Also, not all intelligent American kids can or want to go to elite schools, even if they are academically qualified. In the U.S., you often hear stories of kids turning down really good schools for ones they felt were a better "fit" (financially, culturally, etc.). And unlike the rest of the world, elite colleges in the U.S. are often private and expensive. Despite need-blind admissions, not everyone can afford them without going into heavy debt. (many middle-class parents make just enough money for their kid to not qualify for substantial financial aid).

So kids go to schools they can afford.

One of my college professors (who attended Princeton and MIT) once told me that in his observation, the top 5 percentile students in (good) state schools aren't that different from the kids who went to Princeton or MIT. I didn't believe him at the time, but having worked with different folks over the years, my experience inclines me to believe that there's some truth in that observation.

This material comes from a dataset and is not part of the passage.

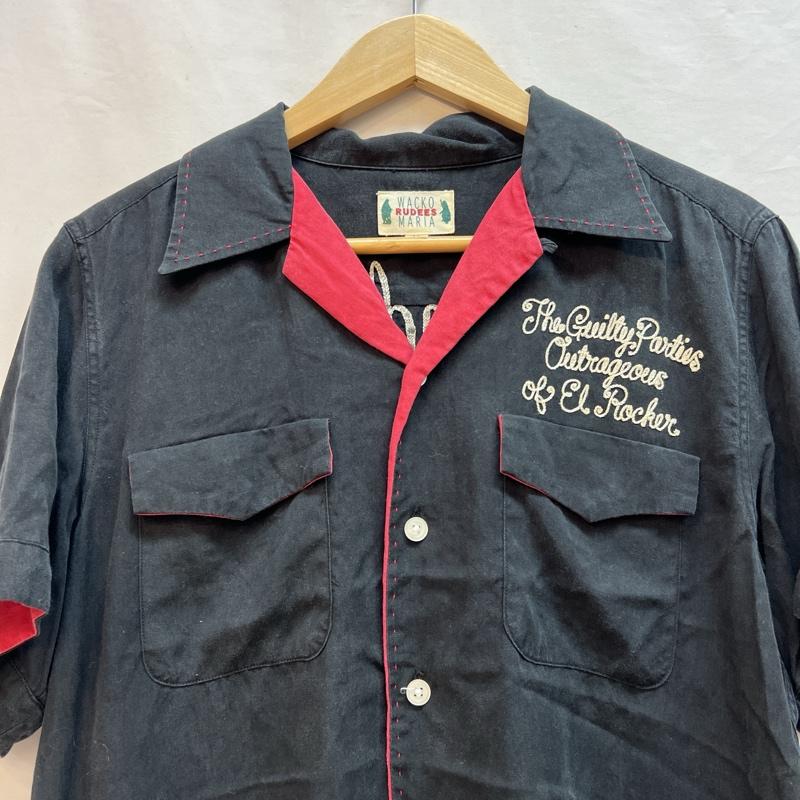 ワコマリア WACKO MARIA シャツ、ブラウス 半袖 チェーン刺繡 ラインストーン オープンカラーシャツ 開襟 M 黒 / ブラック / black メンズ USED 古着 中古 50137569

Owing to its population and economy, the U.S. has a large enough talent pool that the top percentile students at large, well-funded state schools (of which UMN is an example) are plenty smart. If you were to meet the really smart top-5-percentile kids from such state colleges (I have), you'd have no doubt that many of them could have attended MIT or CMU.

To be sure, good colleges can give you a headstart in life -- but it's what you do with that advantage that counts.

--

Examples of smart computer folk who went to decent, but non-elite schools for undergrad:

Doug Crockford (Javascript), SFSU

JJ Allaire (ColdFusion, Rstudio, etc.), Macalester College

Ward Cunningham (Wikis), Purdue

Rich Hickey (Clojure), SUNY Empire State (though he did go to Berklee College of Music)

John Carmack (Doom, Quake), U. Missouri Kansas City

Sergey Brin (Google), U. Maryland College Park (before Stanford)

Larry Page (Google), U. Michigan (before Stanford)

Dave Cutler (VMS, Windows NT), Olivet College

Bram Cohen (BitTorrent), U at Buffalo

Ryan Dahl (Node.js), UCSD, then U Rochester

Larry Wall (Perl), Seattle Pacific U (before Berkeley)

Alan Kay (Smalltalk, windowing GUIs), U Colorado, then U Utah.

Brendan Eich (Javascript, Mozilla), Santa Clara U (before UIUC)

2 comments

Thanks for the list but I am not entirely sure about Sergey Brin and Larry Page’s alma mater.
Interesting fact: those two went on to create the search engine Google. You should check it out.
I meant I am not sure about their alma mater not being among the top reputed universities in USA, meaning I implied they were indeed from one of the top reputed universities in USA.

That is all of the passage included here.